In [1]:
using ITensors
using Zygote
using Random
using Optim

Let's create a random complex valued 5 site MPS to begin...

In [2]:
Random.seed!(42)
s = siteinds("S=1/2", 5)
mps = randomMPS(ComplexF64, s; linkdims=4)

MPS
[1] ((dim=2|id=325|"S=1/2,Site,n=1"), (dim=4|id=106|"Link,l=1"))
[2] ((dim=4|id=106|"Link,l=1"), (dim=2|id=135|"S=1/2,Site,n=2"), (dim=4|id=230|"Link,l=2"))
[3] ((dim=4|id=230|"Link,l=2"), (dim=2|id=984|"S=1/2,Site,n=3"), (dim=4|id=467|"Link,l=3"))
[4] ((dim=4|id=467|"Link,l=3"), (dim=2|id=815|"S=1/2,Site,n=4"), (dim=2|id=242|"Link,l=4"))
[5] ((dim=2|id=242|"Link,l=4"), (dim=2|id=691|"S=1/2,Site,n=5"))


In [3]:
function complex_feature_map(x::Float64)
    s1 = exp(1im * (3π/2) * x) * cospi(0.5 * x)
    s2 = exp(-1im * (2π/2) * x) * sinpi(0.5 * x)
    return [s1, s2]
end

complex_feature_map (generic function with 1 method)

In [4]:
function sample_to_product_state(sample::Vector, site_inds::Vector{Index{Int64}})
    n_sites = length(site_inds)
    product_state = MPS(ComplexF64, site_inds; linkdims=1)
    for j=1:n_sites
        T = ITensor(site_inds[j])
        zero_state, one_state = complex_feature_map(sample[j])
        T[1] = zero_state
        T[2] = one_state
        product_state[j] = T 
    end
    return product_state
end

sample_to_product_state (generic function with 1 method)
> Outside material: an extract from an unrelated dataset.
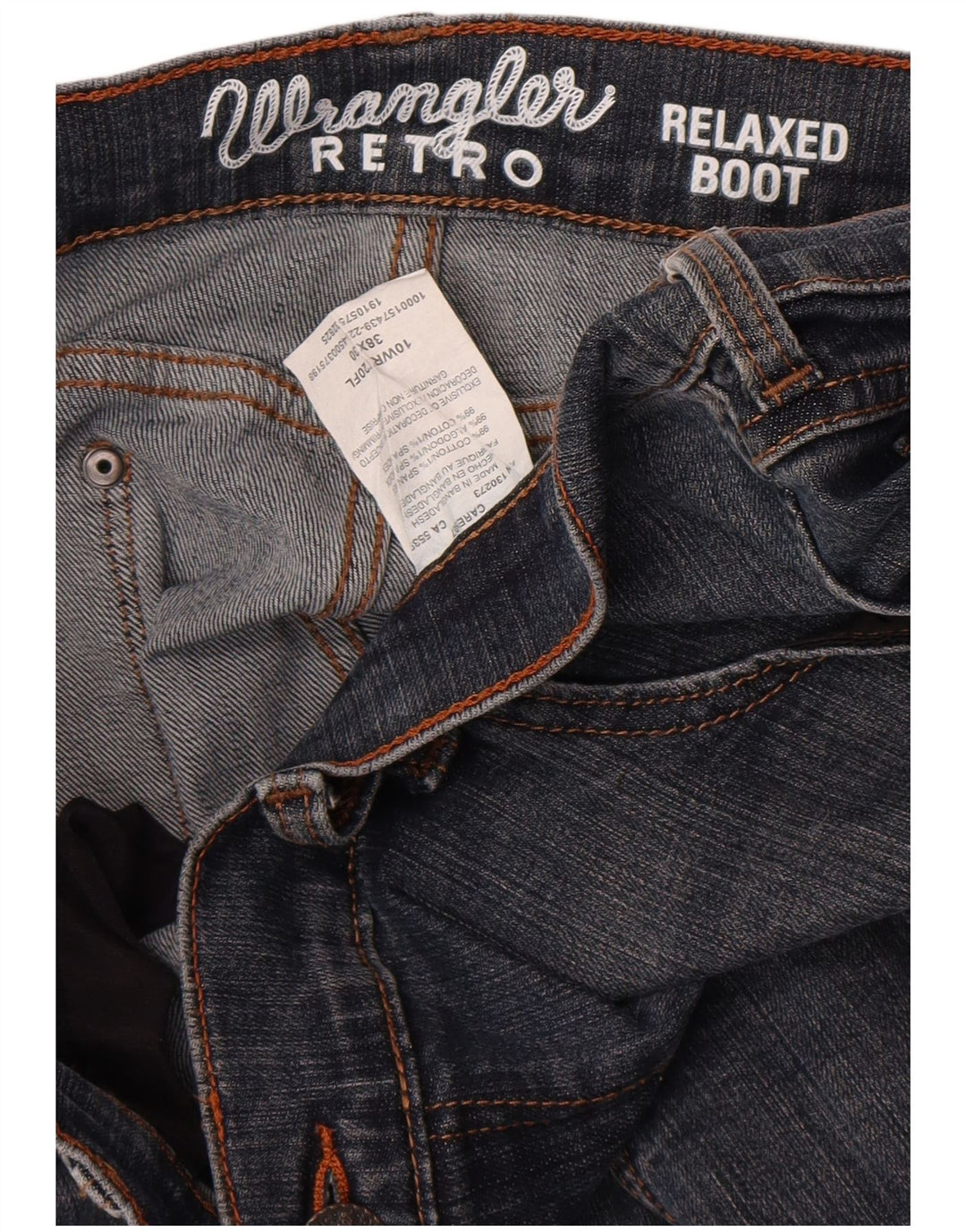 Wrangler Mens Retro Relaxed Fit Bootcut Jeans W38 L37 Blue Cotton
Generate sample and encode as a product state.

In [5]:
sample = zeros(5)

5-element Vector{Float64}:
 0.0
 0.0
 0.0
 0.0
 0.0

In [6]:
ps = sample_to_product_state(sample, s)

MPS
[1] ((dim=2|id=325|"S=1/2,Site,n=1"),)
[2] ((dim=2|id=135|"S=1/2,Site,n=2"),)
[3] ((dim=2|id=984|"S=1/2,Site,n=3"),)
[4] ((dim=2|id=815|"S=1/2,Site,n=4"),)
[5] ((dim=2|id=691|"S=1/2,Site,n=5"),)


## Create Bond Tensor

We will create a bond tensor between sites 1 and 2

In [7]:
BT12 = mps[1] * mps[2]

ITensor ord=3 (dim=2|id=325|"S=1/2,Site,n=1") (dim=2|id=135|"S=1/2,Site,n=2") (dim=4|id=230|"Link,l=2")
NDTensors.Dense{ComplexF64, Vector{ComplexF64}}

Now let's define our loss function. Since we are dealing with a single product state and bond tensor, we can make it specific:

In [8]:
function loss(B::ITensor)
    y = 1.0 # train the bond tensor to maximise overlap
    # bond tensor on sites 1 and 2
    lid = 1
    rid = 2 
    phi_tilde = ps[lid] * ps[rid] * mps[3] * ps[3] * mps[4] * ps[4] * mps[5] * ps[5] # effective input
    yhat = B * phi_tilde
    diff_mod_sq = norm(yhat[] - y)^2
    loss = 0.5 * diff_mod_sq
    return loss
end

loss (generic function with 1 method)

Test the loss function...

In [9]:
loss(BT12)

0.4120511832985574

Now construct the proposed analytic gradient for comparison against AD derived gradient:

In [10]:
function analytic_gradient(B::ITensor)
    lid = 1
    rid = 2
    phi_tilde = ps[lid] * ps[rid] * mps[3] * ps[3] * mps[4] * ps[4] * mps[5] * ps[5]
    yhat = B * phi_tilde
    y = 1.0
    dP = yhat[] - y
    grad = 0.5 * dP * conj(phi_tilde)

    return grad
end

analytic_gradient (generic function with 1 method)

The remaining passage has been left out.